Likewise the Office of the Taoiseach and deputy Taoiseach should be abbreviated to OTdT. After a few months, everyone will stop finding this OTT.

It is very important that all OTdT statements are issued in the name of both taoisigh, except for certain issues where it is more important not to embarrass either taoisigh.

In Belfast these issues include royal visits, papal visits and military commemorations. In Dublin they may now include Ictu visits, Siptu visits and Workers Party commemorations. Whatever the issues, it is of utmost importance that they are never written down so that OTdT can make the list up as it goes along.

With the leadership question resolved, the next step is appointing a cabinet. Stormont has moved beyond the unseemly horse- trading which has so discredited politics in the Republic.

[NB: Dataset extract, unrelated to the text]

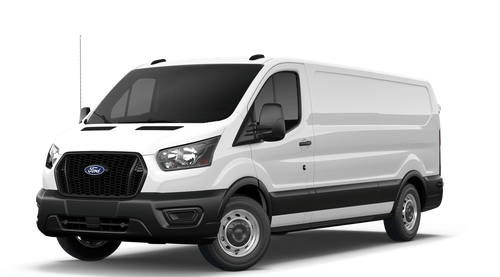 2027 Ford Transit Commercial Cargo Van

Instead, ministers are appointed under the mathematical objectivity of the D’Hondt formula, expressed as S=V/lcd, where S equals seats, V equals votes and lcd refers to either the lowest common denominator or a lower-case “d”.

Fine Gael and Labour should devise their own formula allowing everyone to feel this is “my cabinet too”, ie E=MC2. However, they might want to be clear this does not also stand for “Enda is a Mayo culchie square”.

After choosing a cabinet, both parties need to agree a programme for government. With such different views around the table, there is a danger this could take a long time or produce only anodyne nonsense.

In Northern Ireland, this danger is avoided by taking a long time to produce only anodyne nonsense. Stormont’s current programme for government comprises 60 pages of harmless waffle and took a year to draft, by which point everyone had forgotten all about it and circumstances had changed beyond all recognition. Hardly anyone has looked at it since.

Fine Gael and Labour should follow our example and aim to produce a document by mid-2012 containing broad agreement that jobs are good and poverty is bad, bulked up with some graphs and pictures of children. By then oil could be $300 a barrel and Spain could belong to the Chinese. Certainly, nobody will care about a one-year-late, four-year plan to merge the peat and seaweed marketing boards.

With the programme for government taken care of, all that remains is setting a budget. Ours is determined entirely in London. I’m sure the process in Dublin is far more continental.